The website known as 8chan has served as a cesspool of bigoted and racist hate mongering for a long time in which posters seemed to be competing to see who could come up with the most offensive stuff, all while arguing that they were doing it ironically, ‘for the lulz’ as the kids say these days. They operated with impunity under the shield of free speech and things were going well for them (in terms of reaching their target audience) until three mass shooters in Christchurch (targeting Muslims), Poway, California (targeting Jews), and at a Texas Walmart (targeting Hispanics) posted their hateful manifestos on the website.

This proved to be too much for those companies that had been at least indirectly supporting the site and the internet security firm Cloudflare withdrew its support, thus enabling hackers to invade the site, overwhelm it, and shut it down. The creator of 8chan, an American who lives in the Philippines and seems to covet notoriety, vows to bring the site back in some form with a new name 8kun and different security firm backing it.

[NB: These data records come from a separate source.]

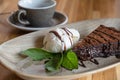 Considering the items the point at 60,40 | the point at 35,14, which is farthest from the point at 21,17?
the point at 60,40

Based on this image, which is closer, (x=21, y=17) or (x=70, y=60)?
(x=70, y=60)

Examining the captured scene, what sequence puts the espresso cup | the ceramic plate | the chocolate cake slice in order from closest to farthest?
the ceramic plate → the chocolate cake slice → the espresso cup

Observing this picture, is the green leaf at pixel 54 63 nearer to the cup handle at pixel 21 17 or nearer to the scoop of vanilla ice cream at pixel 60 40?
the scoop of vanilla ice cream at pixel 60 40

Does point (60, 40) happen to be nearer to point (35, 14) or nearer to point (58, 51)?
point (58, 51)

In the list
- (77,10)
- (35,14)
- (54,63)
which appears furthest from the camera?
(77,10)

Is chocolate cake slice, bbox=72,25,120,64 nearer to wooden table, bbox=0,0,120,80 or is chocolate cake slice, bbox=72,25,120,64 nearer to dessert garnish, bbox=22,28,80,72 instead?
dessert garnish, bbox=22,28,80,72

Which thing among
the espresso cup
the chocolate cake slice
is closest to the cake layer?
the chocolate cake slice

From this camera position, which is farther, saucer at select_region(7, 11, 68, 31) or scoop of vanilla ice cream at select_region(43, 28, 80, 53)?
saucer at select_region(7, 11, 68, 31)

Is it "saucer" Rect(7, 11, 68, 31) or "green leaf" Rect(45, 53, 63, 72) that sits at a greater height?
"green leaf" Rect(45, 53, 63, 72) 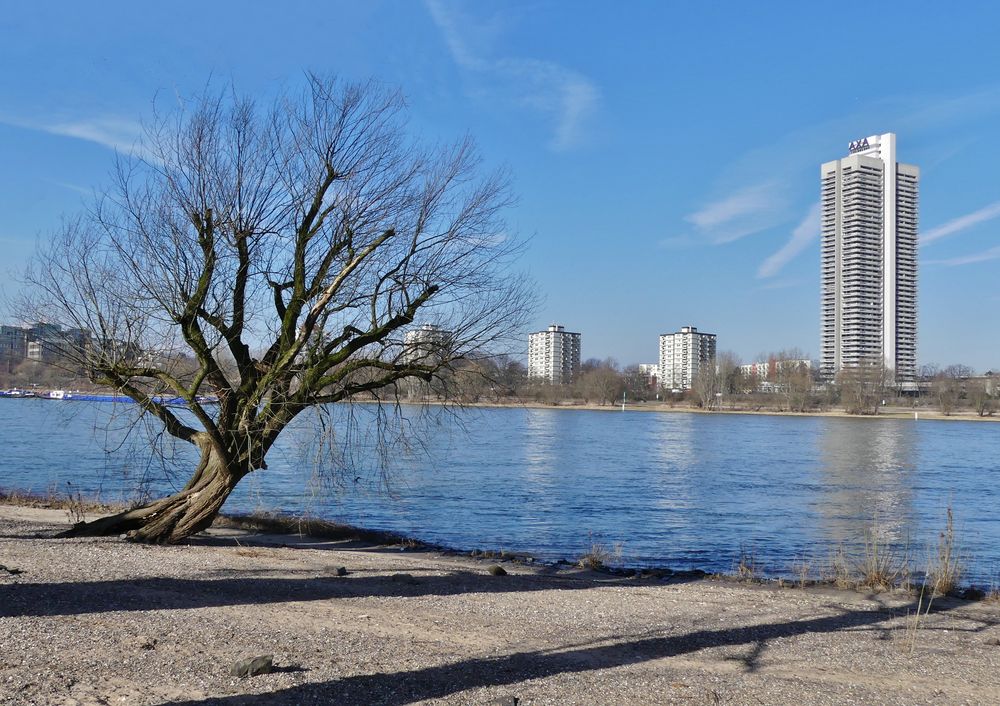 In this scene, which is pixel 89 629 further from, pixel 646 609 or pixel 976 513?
pixel 976 513

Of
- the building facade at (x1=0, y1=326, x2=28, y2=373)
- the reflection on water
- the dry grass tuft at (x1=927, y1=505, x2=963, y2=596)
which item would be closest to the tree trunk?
the building facade at (x1=0, y1=326, x2=28, y2=373)

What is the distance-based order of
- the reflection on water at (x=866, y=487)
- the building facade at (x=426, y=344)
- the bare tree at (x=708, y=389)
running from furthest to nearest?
1. the bare tree at (x=708, y=389)
2. the reflection on water at (x=866, y=487)
3. the building facade at (x=426, y=344)

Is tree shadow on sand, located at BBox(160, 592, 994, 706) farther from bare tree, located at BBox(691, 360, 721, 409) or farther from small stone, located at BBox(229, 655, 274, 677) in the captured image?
bare tree, located at BBox(691, 360, 721, 409)

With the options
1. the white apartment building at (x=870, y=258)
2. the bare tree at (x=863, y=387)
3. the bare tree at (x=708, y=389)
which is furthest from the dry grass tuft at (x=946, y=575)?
the white apartment building at (x=870, y=258)

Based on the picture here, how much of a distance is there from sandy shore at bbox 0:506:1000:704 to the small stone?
7 centimetres

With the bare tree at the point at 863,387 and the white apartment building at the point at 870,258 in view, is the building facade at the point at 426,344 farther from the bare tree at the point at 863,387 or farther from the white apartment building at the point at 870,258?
the white apartment building at the point at 870,258

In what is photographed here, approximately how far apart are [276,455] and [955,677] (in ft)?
106

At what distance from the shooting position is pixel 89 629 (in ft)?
24.0

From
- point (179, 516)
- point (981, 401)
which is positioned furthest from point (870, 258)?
point (179, 516)

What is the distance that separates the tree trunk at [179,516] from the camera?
1357 cm

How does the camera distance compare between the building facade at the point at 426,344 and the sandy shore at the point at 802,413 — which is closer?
the building facade at the point at 426,344

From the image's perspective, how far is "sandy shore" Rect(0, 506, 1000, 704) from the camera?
6.15 m

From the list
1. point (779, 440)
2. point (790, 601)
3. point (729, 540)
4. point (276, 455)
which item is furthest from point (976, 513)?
point (779, 440)

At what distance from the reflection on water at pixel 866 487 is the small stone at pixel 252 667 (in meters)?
12.2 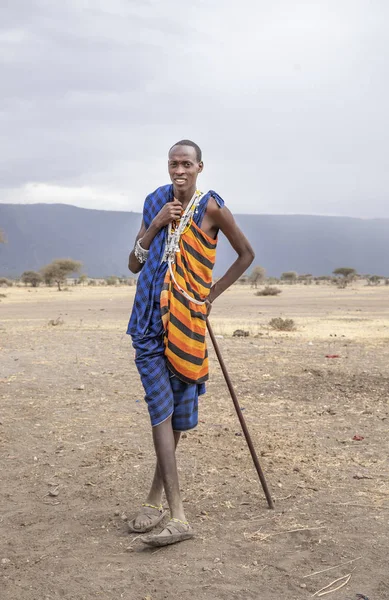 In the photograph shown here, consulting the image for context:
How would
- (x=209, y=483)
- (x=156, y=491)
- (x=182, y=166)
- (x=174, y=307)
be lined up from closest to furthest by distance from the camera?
(x=174, y=307)
(x=182, y=166)
(x=156, y=491)
(x=209, y=483)

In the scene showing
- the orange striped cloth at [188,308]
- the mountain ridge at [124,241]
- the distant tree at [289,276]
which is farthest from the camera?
the mountain ridge at [124,241]

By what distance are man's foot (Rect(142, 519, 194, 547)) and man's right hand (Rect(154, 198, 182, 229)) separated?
1.72 meters

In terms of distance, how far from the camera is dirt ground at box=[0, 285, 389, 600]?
10.9 feet

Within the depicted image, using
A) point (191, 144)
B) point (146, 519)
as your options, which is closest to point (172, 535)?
point (146, 519)

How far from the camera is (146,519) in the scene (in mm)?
3912

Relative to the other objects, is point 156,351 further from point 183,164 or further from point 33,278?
point 33,278

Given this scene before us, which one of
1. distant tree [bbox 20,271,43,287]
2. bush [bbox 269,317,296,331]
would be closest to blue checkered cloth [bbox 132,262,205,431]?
bush [bbox 269,317,296,331]

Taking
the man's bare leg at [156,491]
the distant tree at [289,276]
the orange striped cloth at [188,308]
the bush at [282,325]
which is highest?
the orange striped cloth at [188,308]

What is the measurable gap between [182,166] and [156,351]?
3.64ft

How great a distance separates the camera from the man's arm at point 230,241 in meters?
3.92

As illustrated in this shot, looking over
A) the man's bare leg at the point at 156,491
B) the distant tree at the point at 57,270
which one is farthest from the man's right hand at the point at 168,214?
the distant tree at the point at 57,270

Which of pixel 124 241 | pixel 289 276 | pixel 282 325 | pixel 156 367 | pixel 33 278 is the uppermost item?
pixel 124 241

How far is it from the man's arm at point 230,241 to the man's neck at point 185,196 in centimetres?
14

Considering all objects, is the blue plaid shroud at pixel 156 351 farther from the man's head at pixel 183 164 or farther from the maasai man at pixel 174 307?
the man's head at pixel 183 164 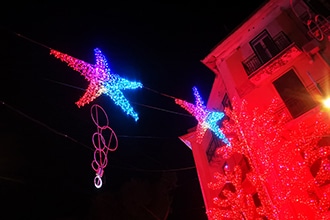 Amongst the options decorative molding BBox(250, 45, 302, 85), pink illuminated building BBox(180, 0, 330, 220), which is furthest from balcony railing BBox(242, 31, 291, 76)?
decorative molding BBox(250, 45, 302, 85)

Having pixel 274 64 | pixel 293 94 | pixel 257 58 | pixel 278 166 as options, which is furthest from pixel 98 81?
pixel 293 94

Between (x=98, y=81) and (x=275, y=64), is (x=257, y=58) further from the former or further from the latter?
(x=98, y=81)

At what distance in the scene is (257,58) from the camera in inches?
484

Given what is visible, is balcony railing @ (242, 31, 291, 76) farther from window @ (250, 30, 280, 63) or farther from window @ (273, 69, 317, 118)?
window @ (273, 69, 317, 118)

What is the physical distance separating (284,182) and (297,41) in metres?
5.42

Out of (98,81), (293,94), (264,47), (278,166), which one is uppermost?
(264,47)

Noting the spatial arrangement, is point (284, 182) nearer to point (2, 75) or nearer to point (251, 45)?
point (251, 45)

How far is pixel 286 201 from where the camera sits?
30.6 feet

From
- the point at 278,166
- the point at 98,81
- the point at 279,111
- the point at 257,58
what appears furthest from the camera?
the point at 257,58

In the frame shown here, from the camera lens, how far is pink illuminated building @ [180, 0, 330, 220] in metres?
9.27

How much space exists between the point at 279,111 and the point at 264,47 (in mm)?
2893

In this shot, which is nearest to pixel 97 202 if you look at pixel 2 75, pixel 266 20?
pixel 2 75

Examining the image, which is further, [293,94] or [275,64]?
[275,64]

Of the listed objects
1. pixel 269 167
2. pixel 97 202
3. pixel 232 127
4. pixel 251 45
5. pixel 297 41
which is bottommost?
pixel 269 167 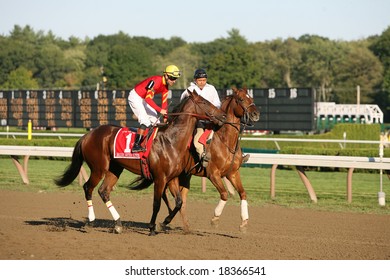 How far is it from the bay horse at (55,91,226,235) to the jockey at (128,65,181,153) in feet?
0.68

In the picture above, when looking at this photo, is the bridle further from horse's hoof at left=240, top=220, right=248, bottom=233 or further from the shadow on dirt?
the shadow on dirt

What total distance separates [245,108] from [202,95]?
2.12 ft

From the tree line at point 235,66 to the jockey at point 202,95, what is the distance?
144ft

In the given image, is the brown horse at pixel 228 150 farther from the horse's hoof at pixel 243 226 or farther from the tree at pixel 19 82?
the tree at pixel 19 82

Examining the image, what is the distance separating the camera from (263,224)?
1009cm

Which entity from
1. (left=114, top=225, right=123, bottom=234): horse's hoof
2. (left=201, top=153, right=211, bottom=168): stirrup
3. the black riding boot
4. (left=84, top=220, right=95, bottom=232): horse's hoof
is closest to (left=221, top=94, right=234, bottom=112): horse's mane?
(left=201, top=153, right=211, bottom=168): stirrup

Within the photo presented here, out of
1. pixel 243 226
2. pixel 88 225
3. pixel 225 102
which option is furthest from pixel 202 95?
pixel 88 225

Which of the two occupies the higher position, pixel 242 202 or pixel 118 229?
pixel 242 202

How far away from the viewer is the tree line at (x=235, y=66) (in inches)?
2391

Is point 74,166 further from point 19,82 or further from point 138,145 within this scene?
point 19,82

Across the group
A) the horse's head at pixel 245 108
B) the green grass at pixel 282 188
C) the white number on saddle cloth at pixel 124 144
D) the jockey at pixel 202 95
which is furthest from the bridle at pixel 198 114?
Answer: the green grass at pixel 282 188

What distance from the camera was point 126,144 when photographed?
9016mm

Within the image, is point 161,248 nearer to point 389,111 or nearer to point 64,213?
point 64,213

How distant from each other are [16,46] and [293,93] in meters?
61.5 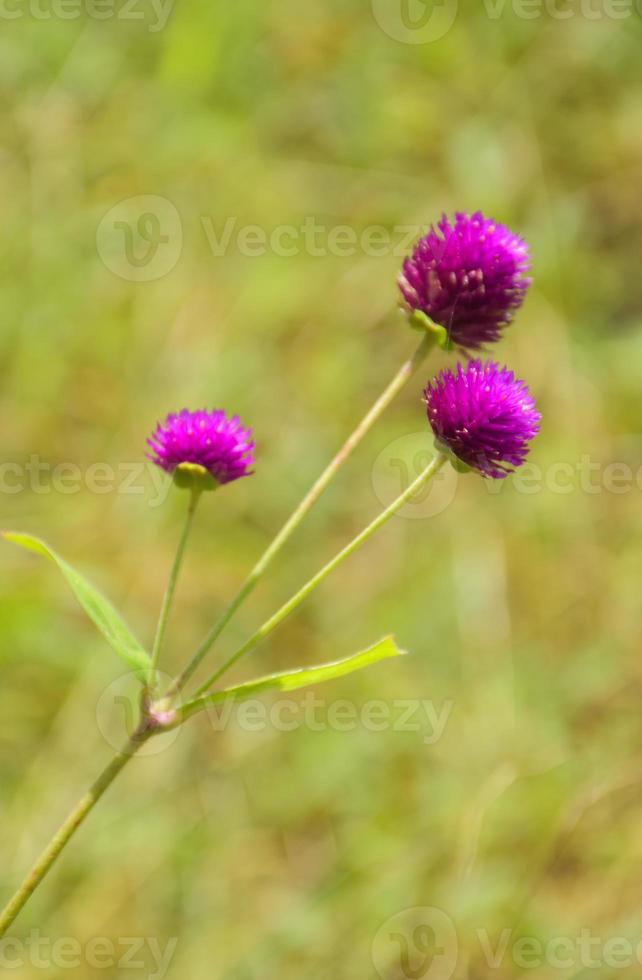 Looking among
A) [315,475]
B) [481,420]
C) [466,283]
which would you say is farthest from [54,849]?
[315,475]

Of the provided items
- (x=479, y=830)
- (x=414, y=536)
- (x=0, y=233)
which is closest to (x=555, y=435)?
(x=414, y=536)

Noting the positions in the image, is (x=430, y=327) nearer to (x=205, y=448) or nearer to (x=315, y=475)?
(x=205, y=448)

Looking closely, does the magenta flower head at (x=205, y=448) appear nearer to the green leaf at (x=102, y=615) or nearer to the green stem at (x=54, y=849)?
the green leaf at (x=102, y=615)

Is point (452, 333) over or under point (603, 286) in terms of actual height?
under

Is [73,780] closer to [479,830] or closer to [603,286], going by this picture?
[479,830]

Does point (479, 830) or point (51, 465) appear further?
point (51, 465)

The NPR radio program On the Media had a fascinating 17-minute segment tying together 8chan, the people behind it, as well as Q and the QAnon conspiracy theories that spread its message via that site, and the problem of balancing free speech and deplatforming on the internet.

It raises some crucial questions: should tech companies stymie sites like 8chan? Can 8chan stay dead? And what happens to the dark content that flourished on the site — content like the QAnon conspiracy, whose purveyor vowed to only release definitive content on 8chan, lest his narrative gets drowned out by that of impersonators?